The Internet of Things will aid criminals and burglars - chumchum
http://betanews.com/2015/04/09/the-internet-of-things-will-aid-criminals-and-burglars/

======
MichaelCrawford
This brings a smile to my weary eyes, as it is my most-fervent hope that the
Internet of Things will die in a fire.

The article didn't discuss what I expected, that being traffic analysis. Among
cryptological problems, traffic analysis is one of the more difficult exploits
to prevent, as well as the easier to exploit.

In the military, you don't need to crack any codes at all. Just look at where
all the motorcycle messengers are going to or coming from. Must be the command
tent, eh wot?

Let's drop a bomb on it, just to see what happens.

In the specific case of the Internet of Things, consider that your Things will
be chattering over the Internet far more frequently when you are at home then
when you are away. That will be the case for your neighbors.

So one could stand back at a safe distance, then point a few cantennas in the
general direction of each house in an upscale neighborhood. You don't need to
decrypt any signals, you just need to see how frequently messages are sent.

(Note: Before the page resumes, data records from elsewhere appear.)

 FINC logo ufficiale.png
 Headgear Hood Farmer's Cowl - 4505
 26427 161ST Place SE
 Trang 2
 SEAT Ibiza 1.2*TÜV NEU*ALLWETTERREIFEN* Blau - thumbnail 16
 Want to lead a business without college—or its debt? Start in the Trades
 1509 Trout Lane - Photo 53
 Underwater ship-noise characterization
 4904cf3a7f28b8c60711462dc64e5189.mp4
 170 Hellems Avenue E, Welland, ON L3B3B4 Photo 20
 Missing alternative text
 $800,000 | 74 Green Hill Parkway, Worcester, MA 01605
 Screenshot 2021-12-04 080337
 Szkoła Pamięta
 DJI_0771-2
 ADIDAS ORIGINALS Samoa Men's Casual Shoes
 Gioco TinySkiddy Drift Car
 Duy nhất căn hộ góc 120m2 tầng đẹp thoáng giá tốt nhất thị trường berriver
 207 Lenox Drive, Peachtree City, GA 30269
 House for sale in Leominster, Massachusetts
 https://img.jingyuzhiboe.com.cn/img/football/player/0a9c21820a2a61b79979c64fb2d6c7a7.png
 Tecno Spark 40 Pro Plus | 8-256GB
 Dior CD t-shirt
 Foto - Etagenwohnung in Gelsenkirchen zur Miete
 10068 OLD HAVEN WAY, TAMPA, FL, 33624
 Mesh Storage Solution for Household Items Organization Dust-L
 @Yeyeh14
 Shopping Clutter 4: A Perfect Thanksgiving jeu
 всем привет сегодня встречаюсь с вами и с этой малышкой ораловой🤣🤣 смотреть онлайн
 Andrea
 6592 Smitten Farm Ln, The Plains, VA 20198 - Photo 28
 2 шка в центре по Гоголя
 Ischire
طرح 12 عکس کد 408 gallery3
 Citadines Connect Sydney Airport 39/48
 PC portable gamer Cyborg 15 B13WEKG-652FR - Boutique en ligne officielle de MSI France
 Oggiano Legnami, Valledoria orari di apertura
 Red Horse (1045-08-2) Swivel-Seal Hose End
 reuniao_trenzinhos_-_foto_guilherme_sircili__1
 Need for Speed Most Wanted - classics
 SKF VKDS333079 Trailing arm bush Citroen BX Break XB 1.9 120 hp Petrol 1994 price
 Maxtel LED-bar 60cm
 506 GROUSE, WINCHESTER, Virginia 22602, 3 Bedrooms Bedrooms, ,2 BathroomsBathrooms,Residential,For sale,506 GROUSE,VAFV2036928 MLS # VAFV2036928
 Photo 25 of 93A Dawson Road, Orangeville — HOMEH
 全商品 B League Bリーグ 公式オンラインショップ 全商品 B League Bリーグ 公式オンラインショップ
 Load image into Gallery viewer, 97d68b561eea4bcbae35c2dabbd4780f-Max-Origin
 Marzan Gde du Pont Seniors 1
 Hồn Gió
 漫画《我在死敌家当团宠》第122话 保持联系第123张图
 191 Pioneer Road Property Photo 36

When all the messages in a general area die down for a little while, you
burgle the home in the center of that general area.

For extra credit, you also snoop on the cops, so that you can be sure there
are no patrol cars that could possibly respond in time, were you to trip an
alarm.

I learned about traffic analysis in 1989. That same Interop Conference UNIX
and Internet Security Tutorial also explained that, in secure facilities,
ethernet cables run through modestly pressured metal pipes.

There is no real way to tap into the ethernet without drilling into the pipes.
When the air pressure drops, men with guns turn up to look into who's holding
the drill.

Now we have Bradley Manning downloading 800MB of top secret diplomatic cables,
because he was searched on the way in to work each day - but not on the way
out.

While I support Manning's particular effort, suppose that was someone who was
not such a nice guy, making off with the recipe for nerve gas, or the detailed
design of a guided missile.